[Dataset excerpts]
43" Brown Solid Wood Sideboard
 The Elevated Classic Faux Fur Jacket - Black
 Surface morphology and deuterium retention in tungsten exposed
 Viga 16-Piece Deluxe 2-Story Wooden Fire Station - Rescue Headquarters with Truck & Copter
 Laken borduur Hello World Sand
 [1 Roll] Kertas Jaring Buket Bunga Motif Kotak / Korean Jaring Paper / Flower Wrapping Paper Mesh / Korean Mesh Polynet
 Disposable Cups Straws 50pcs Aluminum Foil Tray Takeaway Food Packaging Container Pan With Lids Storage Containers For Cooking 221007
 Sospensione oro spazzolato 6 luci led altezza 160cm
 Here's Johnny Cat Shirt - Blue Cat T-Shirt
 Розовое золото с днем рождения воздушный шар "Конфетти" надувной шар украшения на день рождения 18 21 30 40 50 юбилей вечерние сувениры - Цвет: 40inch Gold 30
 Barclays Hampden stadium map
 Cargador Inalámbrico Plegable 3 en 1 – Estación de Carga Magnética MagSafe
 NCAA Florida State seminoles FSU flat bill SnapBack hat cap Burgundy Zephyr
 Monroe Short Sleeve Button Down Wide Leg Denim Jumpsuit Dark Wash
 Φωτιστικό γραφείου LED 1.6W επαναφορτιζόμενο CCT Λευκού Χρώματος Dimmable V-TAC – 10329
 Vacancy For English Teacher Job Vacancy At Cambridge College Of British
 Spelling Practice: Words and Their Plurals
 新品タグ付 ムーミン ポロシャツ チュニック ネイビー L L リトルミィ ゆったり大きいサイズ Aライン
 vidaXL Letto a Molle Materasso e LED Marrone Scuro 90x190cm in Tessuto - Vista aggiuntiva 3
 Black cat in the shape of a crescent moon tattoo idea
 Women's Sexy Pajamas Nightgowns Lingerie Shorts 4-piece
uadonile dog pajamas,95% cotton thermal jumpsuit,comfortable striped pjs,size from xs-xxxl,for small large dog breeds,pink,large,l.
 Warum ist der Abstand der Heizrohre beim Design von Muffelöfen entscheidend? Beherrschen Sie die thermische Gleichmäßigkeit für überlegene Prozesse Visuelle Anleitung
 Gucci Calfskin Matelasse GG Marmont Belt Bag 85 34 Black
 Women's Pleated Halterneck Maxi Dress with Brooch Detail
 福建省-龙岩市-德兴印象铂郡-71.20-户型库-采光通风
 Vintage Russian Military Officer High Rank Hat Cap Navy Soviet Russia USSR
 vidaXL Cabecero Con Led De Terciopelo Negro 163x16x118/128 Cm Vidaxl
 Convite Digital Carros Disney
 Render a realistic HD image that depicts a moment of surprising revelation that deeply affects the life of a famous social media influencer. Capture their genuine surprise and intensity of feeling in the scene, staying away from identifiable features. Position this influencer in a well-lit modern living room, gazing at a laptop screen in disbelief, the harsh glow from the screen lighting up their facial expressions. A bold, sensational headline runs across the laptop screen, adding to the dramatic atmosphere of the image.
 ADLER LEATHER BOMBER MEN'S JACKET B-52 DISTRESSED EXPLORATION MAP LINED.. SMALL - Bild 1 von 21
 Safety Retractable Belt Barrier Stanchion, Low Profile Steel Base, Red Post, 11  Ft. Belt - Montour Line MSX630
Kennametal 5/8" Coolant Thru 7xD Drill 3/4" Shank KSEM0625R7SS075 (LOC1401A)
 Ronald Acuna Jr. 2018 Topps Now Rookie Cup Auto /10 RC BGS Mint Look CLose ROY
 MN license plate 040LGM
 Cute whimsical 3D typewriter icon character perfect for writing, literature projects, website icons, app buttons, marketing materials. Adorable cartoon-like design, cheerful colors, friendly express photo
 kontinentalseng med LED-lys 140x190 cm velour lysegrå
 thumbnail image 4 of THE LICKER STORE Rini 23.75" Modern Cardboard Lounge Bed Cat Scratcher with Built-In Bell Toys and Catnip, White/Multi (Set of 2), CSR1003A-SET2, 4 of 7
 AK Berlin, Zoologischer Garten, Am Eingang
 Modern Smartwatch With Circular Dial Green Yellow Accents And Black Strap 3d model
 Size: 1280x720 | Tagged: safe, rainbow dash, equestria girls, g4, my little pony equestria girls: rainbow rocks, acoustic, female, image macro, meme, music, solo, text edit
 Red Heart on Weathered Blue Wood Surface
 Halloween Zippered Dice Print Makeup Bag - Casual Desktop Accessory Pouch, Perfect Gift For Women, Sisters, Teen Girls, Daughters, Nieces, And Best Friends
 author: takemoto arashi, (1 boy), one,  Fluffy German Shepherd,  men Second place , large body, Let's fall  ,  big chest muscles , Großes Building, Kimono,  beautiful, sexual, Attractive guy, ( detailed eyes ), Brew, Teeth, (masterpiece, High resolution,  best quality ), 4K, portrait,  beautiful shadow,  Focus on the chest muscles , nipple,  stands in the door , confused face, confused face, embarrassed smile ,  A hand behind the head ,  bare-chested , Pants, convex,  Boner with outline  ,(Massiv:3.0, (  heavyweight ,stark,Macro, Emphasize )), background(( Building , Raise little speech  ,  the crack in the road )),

HOW TO COMPLETE THIS TASK => Count every line in the records that holds "Belt" and give that count by itself.

WRITTEN ANSWER => 2